Operators

All operators are available both as module-level functions (npg.relu(x)) and as Array methods (x.relu() where applicable). Every operator listed here is differentiable — it records itself into the computation graph when any input has requires_grad=True.

Element-wise

Function

Description

npg.add(a, b)

Element-wise addition (also a + b)

npg.mul(a, b)

Element-wise multiplication (also a * b)

npg.pow(a, exponent)

Element-wise power (also a ** exponent)

npg.exp(a)

Element-wise \(e^x\)

npg.log(a)

Natural logarithm (undefined for non-positive values)

npg.abs(a)

Absolute value

npg.relu(a)

max(0, x) element-wise

npg.clip(a, min, max)

Clamp values to [min, max]

npg.maximum(a, b)

Element-wise max of two arrays

npg.minimum(a, b)

Element-wise min of two arrays

Reductions

All reduction functions accept axis=None (reduce all axes) and keepdims=False.

Function

Description

npg.sum(a, axis, keepdims)

Sum of elements

npg.mean(a, axis, keepdims)

Mean of elements

npg.prod(a, axis, keepdims)

Product of elements

npg.max(a, axis, keepdims)

Maximum value

npg.min(a, axis, keepdims)

Minimum value

npg.argmax(a, axis, keepdims)

Index of maximum value (no gradient)

npg.var(a, axis, ddof, keepdims)

Variance. ddof=0 (population) or ddof=1 (sample)

npg.std(a, axis, ddof, keepdims)

Standard deviation (sqrt(var(...)))

npg.cumsum(a, axis)

Cumulative sum along axis

npg.cumprod(a, axis)

Cumulative product along axis

Activations

Function

Description

npg.softmax(a, axis=-1)

Softmax along axis

npg.log_softmax(a, axis=-1)

Log-softmax (numerically stable)

npg.sigmoid(a)

\(\sigma(x) = 1 / (1 + e^{-x})\)

npg.tanh(a)

Hyperbolic tangent

npg.softplus(a)

\(\log(1 + e^x)\) (smooth approximation of ReLU)

npg.gelu(a)

Gaussian Error Linear Unit (tanh approximation): \(0.5 x (1 + \tanh(\sqrt{2/\pi}(x + 0.044715 x^3)))\)

npg.relu(a)

max(0, x) (also listed under element-wise)

Linear algebra

Function

Description

npg.matmul(a, b) / npg.mm(a, b)

Matrix multiplication.

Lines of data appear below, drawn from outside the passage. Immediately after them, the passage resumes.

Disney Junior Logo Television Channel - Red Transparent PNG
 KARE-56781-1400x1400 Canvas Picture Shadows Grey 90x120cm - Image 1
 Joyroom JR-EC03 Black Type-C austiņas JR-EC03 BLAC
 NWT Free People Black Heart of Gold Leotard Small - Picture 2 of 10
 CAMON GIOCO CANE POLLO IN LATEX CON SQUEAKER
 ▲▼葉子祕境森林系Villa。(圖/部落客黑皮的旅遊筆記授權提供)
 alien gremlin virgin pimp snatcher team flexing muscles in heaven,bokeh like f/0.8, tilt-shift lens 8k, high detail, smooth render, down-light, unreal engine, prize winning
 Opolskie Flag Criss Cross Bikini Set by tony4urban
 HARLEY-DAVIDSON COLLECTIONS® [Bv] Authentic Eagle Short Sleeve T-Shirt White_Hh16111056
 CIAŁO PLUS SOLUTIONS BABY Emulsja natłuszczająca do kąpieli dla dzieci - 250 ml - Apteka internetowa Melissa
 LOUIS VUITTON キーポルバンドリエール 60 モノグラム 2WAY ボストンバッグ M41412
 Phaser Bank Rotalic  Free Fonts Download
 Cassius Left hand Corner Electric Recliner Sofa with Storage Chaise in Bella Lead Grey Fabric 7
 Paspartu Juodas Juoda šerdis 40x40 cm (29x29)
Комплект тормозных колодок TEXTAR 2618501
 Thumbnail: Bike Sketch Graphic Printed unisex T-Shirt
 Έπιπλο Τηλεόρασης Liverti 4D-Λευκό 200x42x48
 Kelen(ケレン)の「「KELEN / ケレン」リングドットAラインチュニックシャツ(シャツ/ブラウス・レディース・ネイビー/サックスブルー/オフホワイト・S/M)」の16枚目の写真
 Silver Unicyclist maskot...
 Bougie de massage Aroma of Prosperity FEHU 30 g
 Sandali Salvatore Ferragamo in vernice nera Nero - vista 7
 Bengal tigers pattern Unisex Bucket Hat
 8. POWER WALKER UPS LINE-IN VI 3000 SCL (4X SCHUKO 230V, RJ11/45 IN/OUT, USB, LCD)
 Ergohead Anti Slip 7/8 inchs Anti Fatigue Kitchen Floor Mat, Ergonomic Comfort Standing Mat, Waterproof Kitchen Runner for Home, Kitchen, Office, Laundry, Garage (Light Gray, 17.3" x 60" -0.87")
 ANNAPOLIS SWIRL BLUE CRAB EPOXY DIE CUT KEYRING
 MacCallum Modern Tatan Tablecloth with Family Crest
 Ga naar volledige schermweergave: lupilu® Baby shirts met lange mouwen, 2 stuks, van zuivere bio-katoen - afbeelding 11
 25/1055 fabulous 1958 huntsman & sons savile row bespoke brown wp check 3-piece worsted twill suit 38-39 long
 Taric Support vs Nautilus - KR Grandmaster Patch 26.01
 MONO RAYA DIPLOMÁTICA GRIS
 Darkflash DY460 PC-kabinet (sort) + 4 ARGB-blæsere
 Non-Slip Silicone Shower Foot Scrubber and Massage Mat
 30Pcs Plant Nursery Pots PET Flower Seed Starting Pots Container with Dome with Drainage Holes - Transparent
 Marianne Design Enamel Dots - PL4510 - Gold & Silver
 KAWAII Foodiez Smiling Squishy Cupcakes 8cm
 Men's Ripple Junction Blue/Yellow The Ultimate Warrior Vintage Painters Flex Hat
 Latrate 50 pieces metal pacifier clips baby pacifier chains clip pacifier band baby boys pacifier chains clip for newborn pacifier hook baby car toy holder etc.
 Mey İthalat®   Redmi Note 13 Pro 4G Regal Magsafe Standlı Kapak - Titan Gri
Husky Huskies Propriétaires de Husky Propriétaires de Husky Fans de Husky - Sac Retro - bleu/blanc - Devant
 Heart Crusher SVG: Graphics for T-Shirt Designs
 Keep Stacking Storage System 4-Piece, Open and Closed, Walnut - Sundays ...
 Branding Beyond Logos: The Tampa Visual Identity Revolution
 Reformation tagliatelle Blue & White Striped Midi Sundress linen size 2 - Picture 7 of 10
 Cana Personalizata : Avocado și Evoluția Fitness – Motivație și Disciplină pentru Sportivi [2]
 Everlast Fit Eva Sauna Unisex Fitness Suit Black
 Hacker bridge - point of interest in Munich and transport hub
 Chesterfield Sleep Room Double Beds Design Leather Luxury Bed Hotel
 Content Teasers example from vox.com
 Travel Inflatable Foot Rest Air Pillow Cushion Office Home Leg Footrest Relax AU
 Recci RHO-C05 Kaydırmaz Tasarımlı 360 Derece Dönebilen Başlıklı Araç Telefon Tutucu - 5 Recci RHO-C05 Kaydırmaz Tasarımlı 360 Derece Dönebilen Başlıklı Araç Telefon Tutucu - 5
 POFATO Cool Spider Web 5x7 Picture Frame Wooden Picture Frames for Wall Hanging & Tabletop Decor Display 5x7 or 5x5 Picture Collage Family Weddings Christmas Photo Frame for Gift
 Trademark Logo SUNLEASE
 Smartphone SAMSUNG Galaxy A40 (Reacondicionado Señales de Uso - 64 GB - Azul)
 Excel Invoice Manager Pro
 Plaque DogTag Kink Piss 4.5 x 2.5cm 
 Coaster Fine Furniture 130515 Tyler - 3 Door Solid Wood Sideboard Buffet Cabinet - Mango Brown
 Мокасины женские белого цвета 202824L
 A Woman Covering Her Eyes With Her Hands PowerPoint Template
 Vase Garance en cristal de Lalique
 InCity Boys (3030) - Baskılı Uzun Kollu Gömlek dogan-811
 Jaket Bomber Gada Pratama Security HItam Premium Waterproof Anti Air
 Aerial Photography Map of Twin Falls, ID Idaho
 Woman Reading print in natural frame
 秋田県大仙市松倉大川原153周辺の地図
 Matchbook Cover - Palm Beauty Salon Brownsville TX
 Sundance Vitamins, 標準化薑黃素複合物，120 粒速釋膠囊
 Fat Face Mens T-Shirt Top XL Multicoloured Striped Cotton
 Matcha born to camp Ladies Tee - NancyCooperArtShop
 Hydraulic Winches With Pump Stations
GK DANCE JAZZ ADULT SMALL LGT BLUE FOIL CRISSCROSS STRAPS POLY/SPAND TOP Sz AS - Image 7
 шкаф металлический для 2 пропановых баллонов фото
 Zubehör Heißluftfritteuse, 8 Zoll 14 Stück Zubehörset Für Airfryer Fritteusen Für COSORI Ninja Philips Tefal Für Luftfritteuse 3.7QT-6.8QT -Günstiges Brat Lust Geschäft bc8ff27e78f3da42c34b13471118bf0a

Handles 1D (dot product), 2D, and batched 3D inputs.

npg.dot(a, b)

Dot product of two 1D or 2D arrays

npg.norm(a, axis, keepdims)

Frobenius / L2 norm

npg.diagonal(a, offset, axis1, axis2)

Extract diagonal elements

npg.trace(a, offset)

Sum of diagonal elements (diagonal(a, offset).sum())

Shape transforms

Function

Description

npg.reshape(a, new_shape)

Change shape without changing data. Returns a view when possible.

npg.transpose(a, axes)

Permute dimensions. axes is a tuple; None reverses all.

npg.flatten(a)

Flatten to 1D (equivalent to reshape(a, (-1,)))

npg.unsqueeze(a, axis)

Insert a size-1 dimension at axis

npg.squeeze(a, axis=None)

Remove size-1 dimensions (all if axis=None)

npg.repeat(a, repeats, axis=None)

Repeat elements along an axis

npg.triu(a, k=0)

Upper-triangular part of a matrix (zeros below diagonal k)

npg.split(a, split_size_or_sections, dim=0)

Split array into chunks. split_size_or_sections is an int (equal chunks; last may be smaller) or a list of sizes. Returns a tuple of Array objects.

npg.stack(arrays, axis=0)

Stack a list of arrays along a new axis

npg.cat(arrays, axis=0)

Concatenate arrays along an existing axis

Convolution

npg.conv2d(input, weight, bias=None, stride=1, padding=0)

2D convolution with full backward support.

  • input: shape (N, C_in, H, W)

  • weight: shape (C_out, C_in, KH, KW)

  • bias: shape (C_out,) or None

  • stride and padding accept an int or a (H, W) tuple

  • Output shape: (N, C_out, H_out, W_out)

Example:

import numpygrad as npg

x = npg.random.randn((2, 3, 32, 32))                # batch of 2 RGB images
w = npg.random.randn((16, 3, 3, 3), requires_grad=True)
out = npg.conv2d(x, w, stride=1, padding=1)  # (2, 16, 32, 32)

Special

npg.setitem(a, key, value)

Differentiable in-place assignment. Equivalent to a[key] = value but records the operation in the computation graph, allowing gradients to flow through the assignment:

a = npg.zeros((4,), requires_grad=True)
b = npg.setitem(a, 2, npg.array([5.0]))
b.sum().backward()
print(a.grad)   # [1., 1., 1., 1.]

npg.masked_fill(a, mask, value)

Fill positions where boolean mask is True with scalar value. Broadcasts mask over a when ranks differ (e.g. a 2D causal mask applied to a 4D attention score tensor):

mask = npg.triu(npg.ones((T, T)), k=1).view(1, 1, T, T)
scores = scores.masked_fill(mask, float("-inf"))

Embedding lookup (npg.ops.embedding)

Row-wise lookup into a weight matrix; used internally by nn.Embedding:

weight = npg.random.randn((vocab_size, embed_dim), requires_grad=True)
indices = npg.array([0, 3, 1])
out = npg.ops.embedding(weight, indices)   # (3, embed_dim)